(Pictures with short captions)
'''

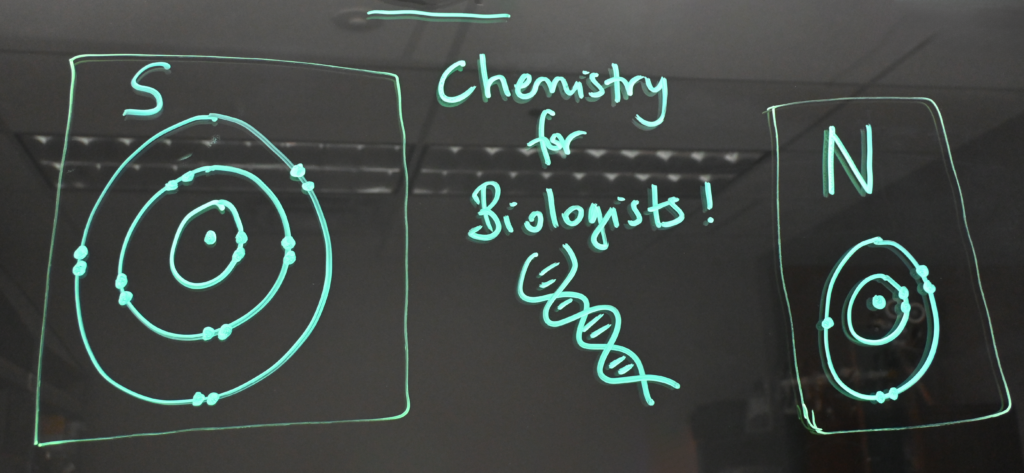 Writing on a light board says 'Chemistry for Biologists!' with a double helix drawing below it. On left side of the writing is a sulphur Bohr model and on the right is a nitrogen Bohr model.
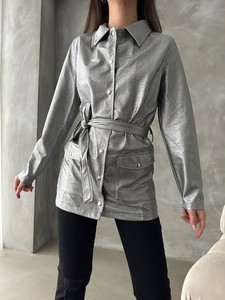 Topshow Silver Veined Patent Leather Wholesale Jacket #4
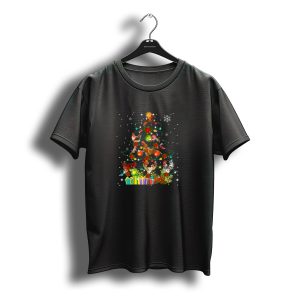 Merry Christmas Chicken Tree Ugly Santa Hat Snowflakes Presents T-Shirt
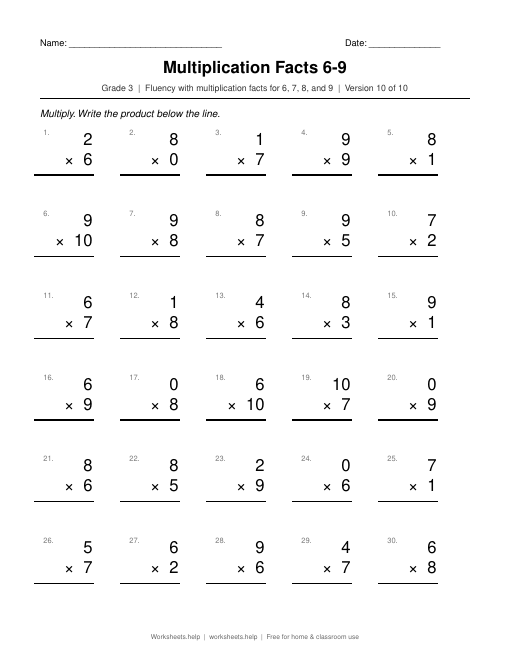 Multiplication Facts 6-9, version 10 preview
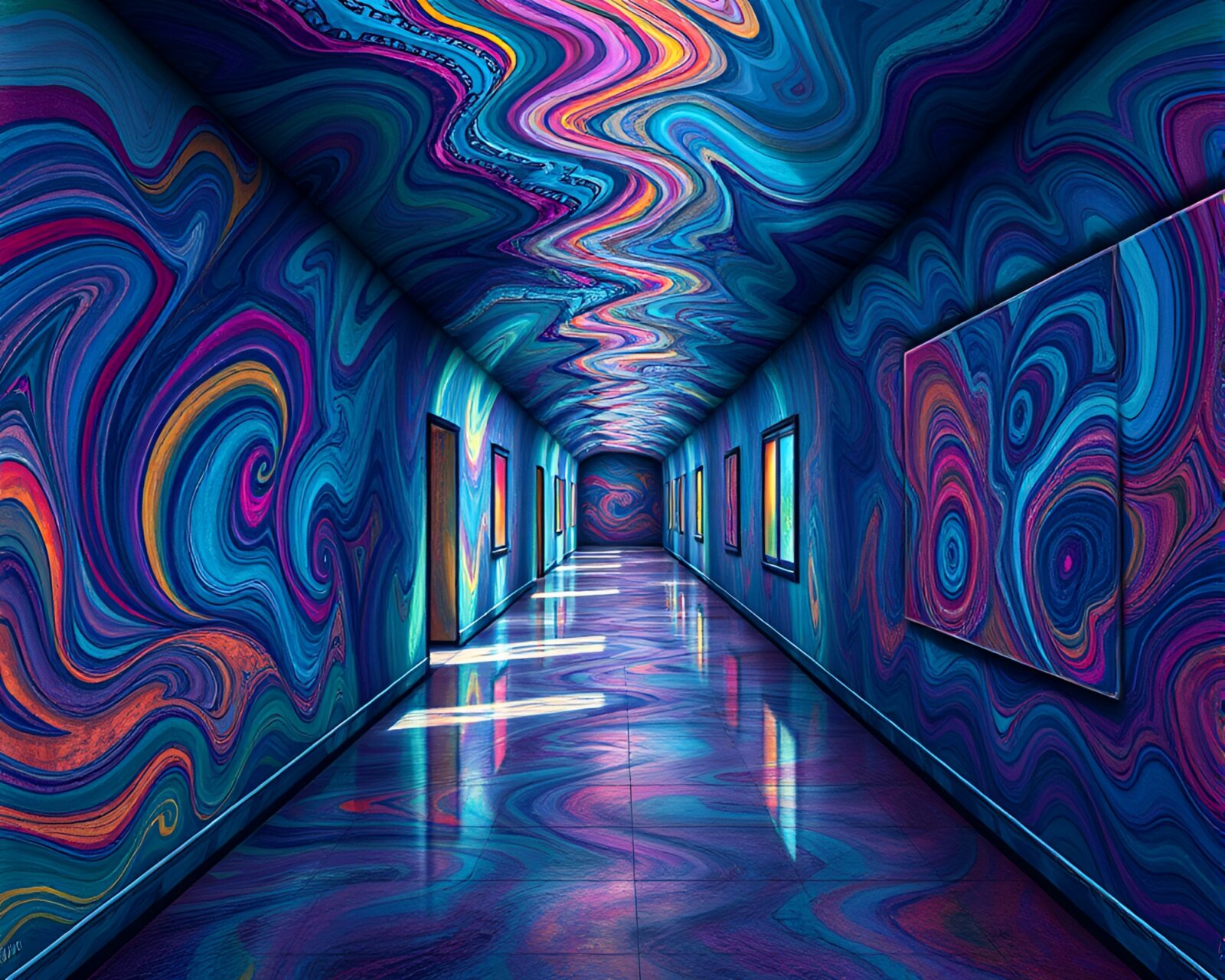 Colorful swirling patterns in a vibrant, dream-like corridor scene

'''

[Work item] Print the data above exactly, minus pictures.

[Response to this task]
 Writing on a light board says 'Chemistry for Biologists!' with a double helix drawing below it. On left side of the writing is a sulphur Bohr model and on the right is a nitrogen Bohr model.
 Topshow Silver Veined Patent Leather Wholesale Jacket #4
 Merry Christmas Chicken Tree Ugly Santa Hat Snowflakes Presents T-Shirt
 Multiplication Facts 6-9, version 10 preview
 Colorful swirling patterns in a vibrant, dream-like corridor scene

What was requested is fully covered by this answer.